The Ambassadors
“I didn’t stay long in London, but I definitely wanted to see The Ambassadors ¹. I found it very disturbing. It’s beguiling and clever, and yet so enigmatic and mysterious that it actually becomes frightening.” Thus did Myriam Mechita describe to me her disquiet when looking at Hans Holbein’s painting, the worry she felt as she observed the famous anamorphosis, and her fascination for interpretations that slip away just when you are convinced they are in your grasp. She is one of the rare young artists in recent years to tackle this optical phenomenon. She uses it as readily in her objects, in models of gutted warships made from glass beads, and in wall drawings, but also in wall-hung hunting trophies covered with a new skin composed of satellite photos borrowed from NASA.

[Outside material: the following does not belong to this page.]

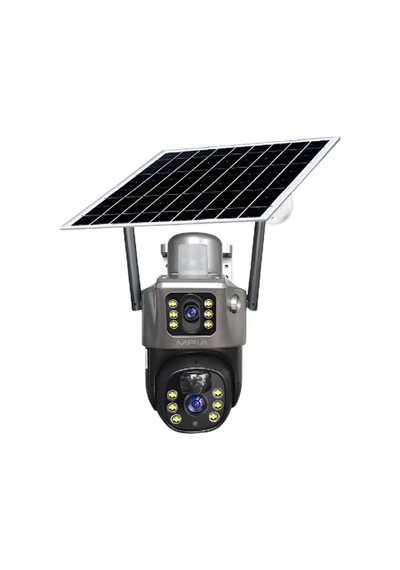3 Mp + 3 Mp Çift Lens Solar Tf Kart Girişli 4g Kamera Çok Renkli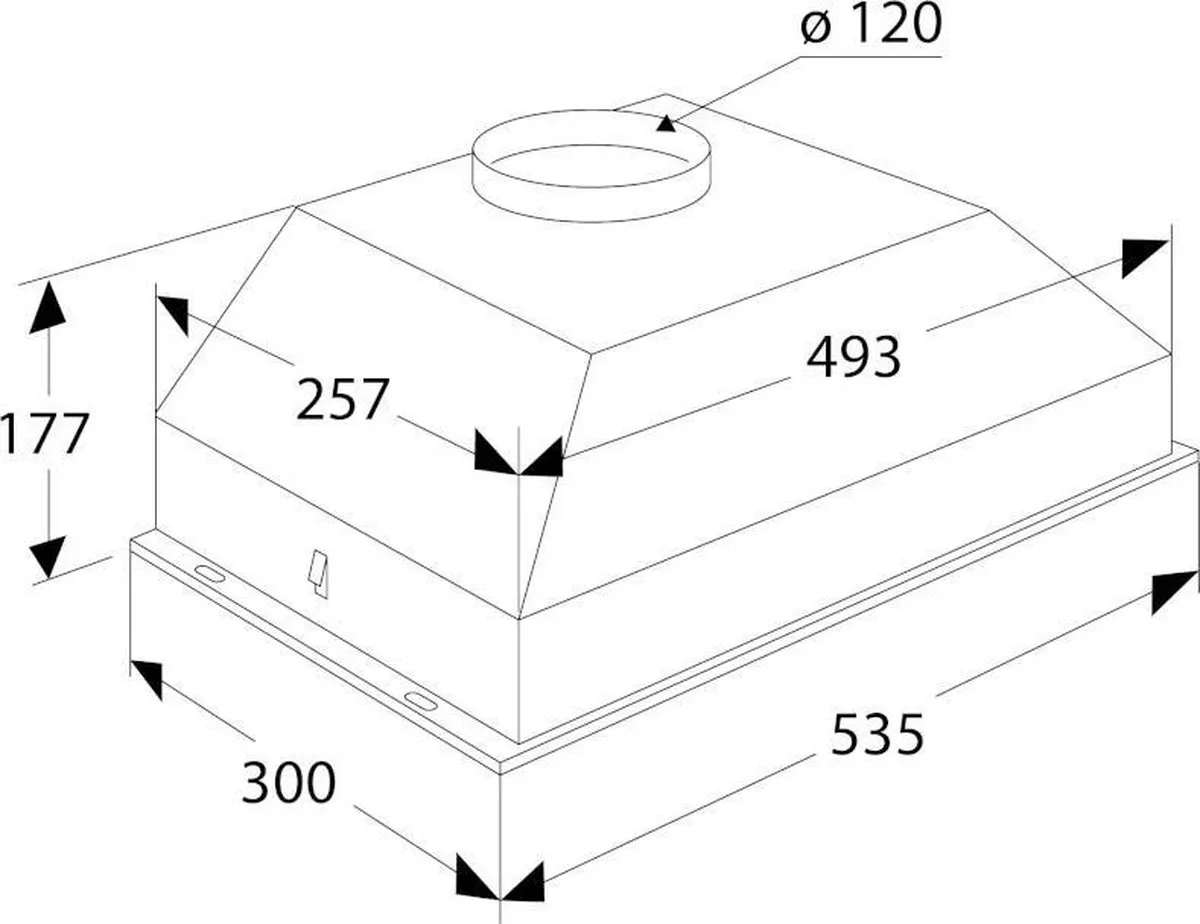 Etna AI553RVS Inbouw Afzuigkap 53cm - 425m³/h Grijs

While anamorphosis is one of her preferred devices, the artist looks at all available processes for unsettling the structure of images and sculptures; she is unconcerned with narration and keen to combine disparate elements and materials, as the surrealists wished. Autoportrait aux dents (“Self-portrait with teeth”) ² is a tapestry of pearls in which the artist, her mouth open, seems to be protesting. This portrait is then transposed, in a second work, into a gigantic floor-standing arrangement. The volumes are figured by wooden battens standing on their ends, from which emerge numerous polyurethane hares, partly covered by pearls that seem like thousands of eyes.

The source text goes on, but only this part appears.